Dataset section:
Segment Open

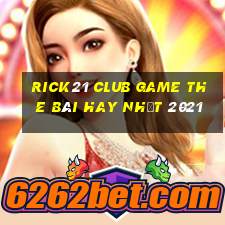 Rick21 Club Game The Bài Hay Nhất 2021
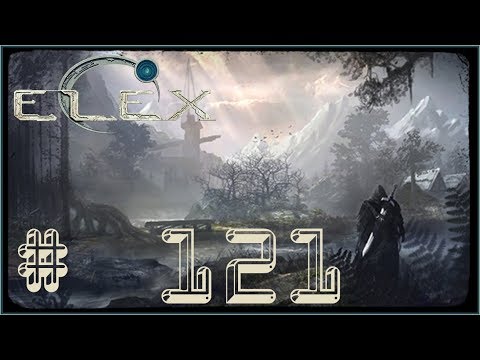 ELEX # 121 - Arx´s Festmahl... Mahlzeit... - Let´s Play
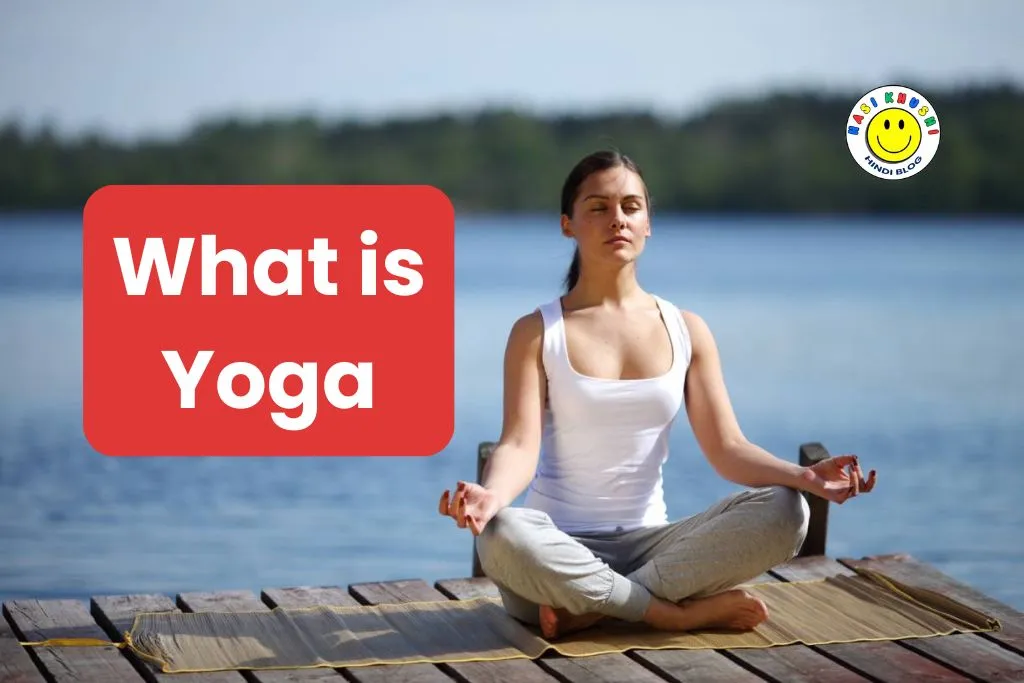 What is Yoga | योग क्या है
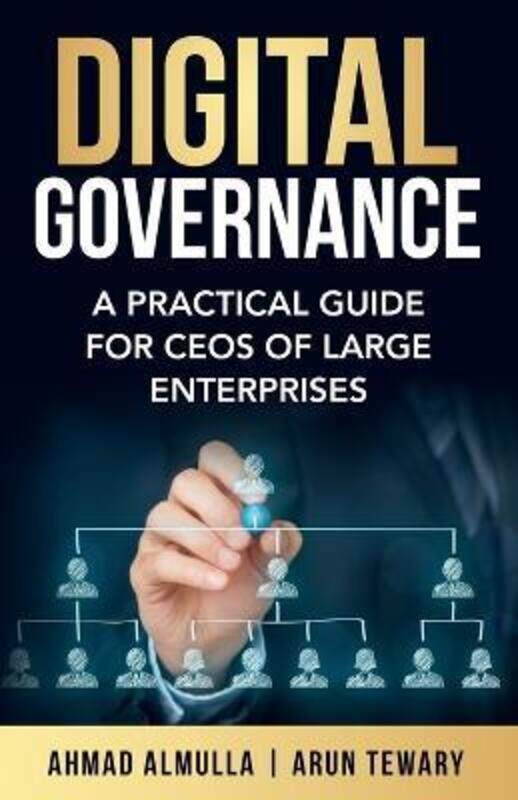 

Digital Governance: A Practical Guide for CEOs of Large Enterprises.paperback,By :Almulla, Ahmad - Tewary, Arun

Segment Closed

Exercise prompt: Return the material word for word. Pictures are not part of the copy.

Response:
 Rick21 Club Game The Bài Hay Nhất 2021
 ELEX # 121 - Arx´s Festmahl... Mahlzeit... - Let´s Play
 What is Yoga | योग क्या है

Digital Governance: A Practical Guide for CEOs of Large Enterprises.paperback,By :Almulla, Ahmad - Tewary, Arun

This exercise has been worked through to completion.